**Directions for this task**. Nothing but the lines from the one containing "Four steaming coffee" through the last line of the records below should be copied, exactly and without pictures.

Data records Block Start

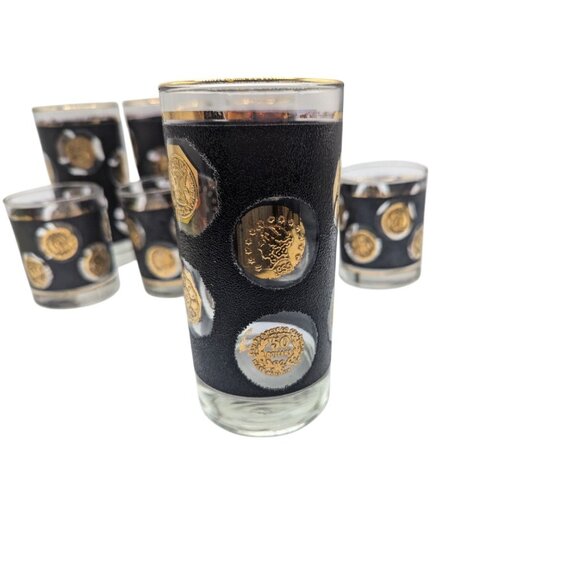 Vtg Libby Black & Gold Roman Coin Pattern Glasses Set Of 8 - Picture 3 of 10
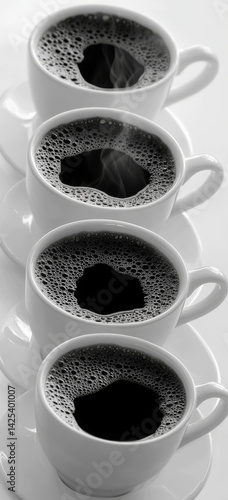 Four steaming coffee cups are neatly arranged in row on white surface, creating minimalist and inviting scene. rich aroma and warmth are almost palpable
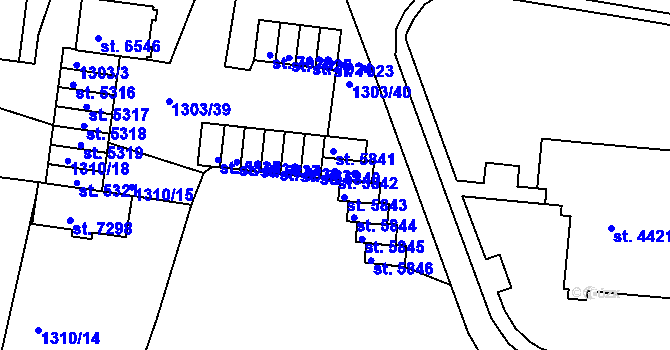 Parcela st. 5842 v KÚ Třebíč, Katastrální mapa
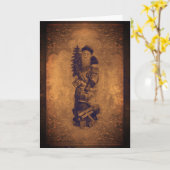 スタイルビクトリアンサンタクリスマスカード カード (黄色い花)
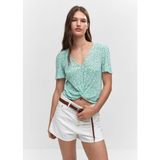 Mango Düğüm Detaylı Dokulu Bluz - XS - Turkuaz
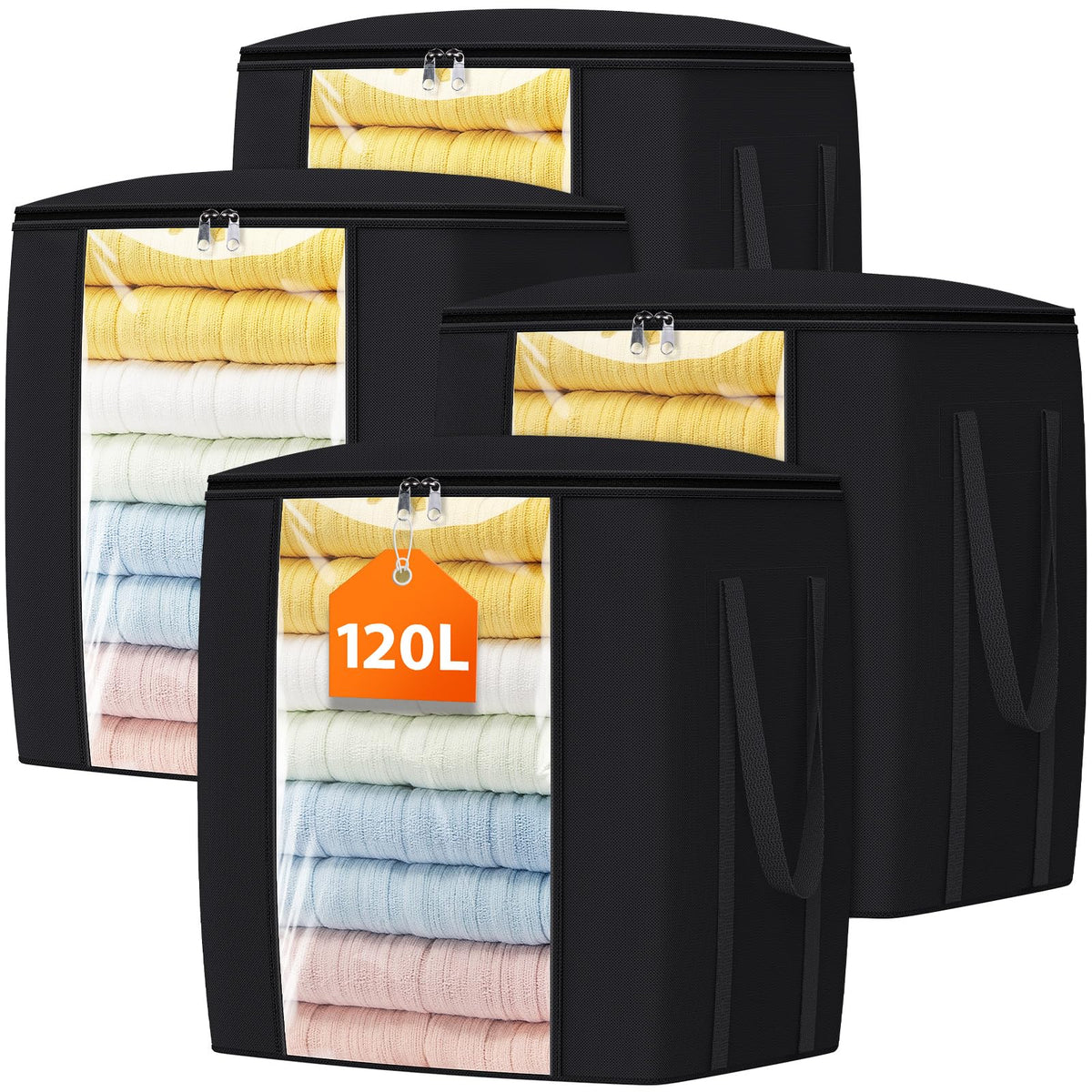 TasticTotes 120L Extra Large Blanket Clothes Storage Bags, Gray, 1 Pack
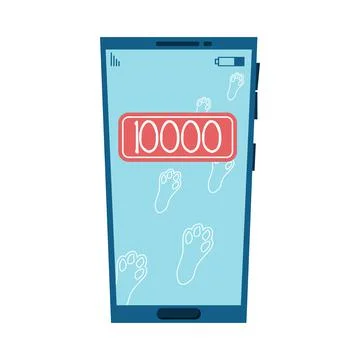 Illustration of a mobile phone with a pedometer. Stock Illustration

Data records Block End

**Solution**.
 Four steaming coffee cups are neatly arranged in row on white surface, creating minimalist and inviting scene. rich aroma and warmth are almost palpable
 Parcela st. 5842 v KÚ Třebíč, Katastrální mapa
 スタイルビクトリアンサンタクリスマスカード カード (黄色い花)
 Mango Düğüm Detaylı Dokulu Bluz - XS - Turkuaz
 TasticTotes 120L Extra Large Blanket Clothes Storage Bags, Gray, 1 Pack
 Illustration of a mobile phone with a pedometer. Stock Illustration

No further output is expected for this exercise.